Altın’ın bildikleri bir hastalığının olmadığını da söyleyen Özdemir, “İlaç kullanmıyordu ama sanırım son dönemde tansiyonu yükseliyormuş ama önemsememiş. Hepimiz gibi yorgunluk, stres diye geçiştirmiş” dedi.
İstanbul Üniversitesi İşletme Fakültesi mezunu olan Altın, 1997’den beri aralarında Kent TV, CNN Türk ve NTV’nin de olduğu haber kanallarında dış haberler servislerinde editör, şef editör ve akşam sorumlusu olarak çalıştı. Milliyet gazetesinin günlük eki Cadde’yi 3 yıl yönetti. Yayıncılık yaptı, Episode Dergi, 221B ve Plak Mecmuası’nı çıkardı, kitaplar yayımladı. Yeme-içme üzerine gastronomi ve seyahat kitapları yazdı, programlar çekti. Dergilerde yazdı. Ağustos 2019’dan beri Haber Global sitesinde kültür-sanat editörü olarak çalışıyordu.
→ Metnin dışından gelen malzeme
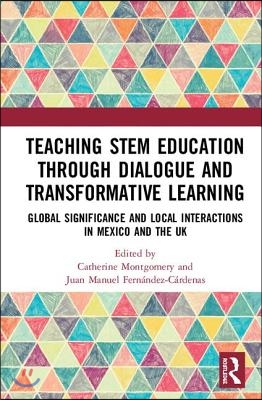 Teaching STEM Education through Dialogue and Transformative Learning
Birlikte yaşam kültürünü anlattı
Balıklama Dalmalı İstanbul’a, Meyhanedeyiz Yine Bu Gece, Hello Friend/Ya sou vre!, Merhaba Cancağızım - Ya sou vre! ve Benim Güzel Lokantalarım isimli kitaplara imza atan Altın, kurduğu yayınevinde de çok sayıda eseri okuyucu ile buluşturdu. Altın verdiği bir röportajında Mylos Kitap adını verdikleri yayıneviyle ilgili, “Şöyle bir manifestomuz var: “Mylos Kitap, anlamak, değişmek ve değiştirmek için yola çıktı. Bizi üzen, öfkelendiren, ümitsizliğe düşüren ne varsa hepsine karşı ‘okumayı, anlamayı, üretmeyi’ tercih eden Mylos Kitap, ‘değirmen’ anlamına gelen adıyla Don Kişot’a selam duruyor.” demişti.
Gidişin büyük kayıp
Ufuk Kaan Altın ile Milliyet Cadde’de birlikte çalışan Milliyet Gazetesi Yazı İşleri Müdürü Menderes Özel de, eski mesai arkadaşına şu sözlerle veda etti:
“Yollarımız Cadde’de kesişmeden önce de seninle aynı masada kadeh tokuşturmuşluğumuz olmuştu. Ortak paydamız çocukluk yadigârın, sıkı dostun Levent’ti. Sonra bir gün tesadüfen aynı Cadde’de buluştuk. Birlikte güldük, eğlendik, senin meyhanelerinde sarhoş olduk, birbirimize kızdık ve hatta kavgalar ettik. Aramızın tatsız olduğu zamanlarda bile senin soyadın gibi ‘Altın’ bir kalbin ve ruhun olduğundan, güzel vicdanından tereddüt etmedim. Kelimeler artık anlamsız, gidişin bu dünyanın büyük kaybı. Huzur içinde uyu.”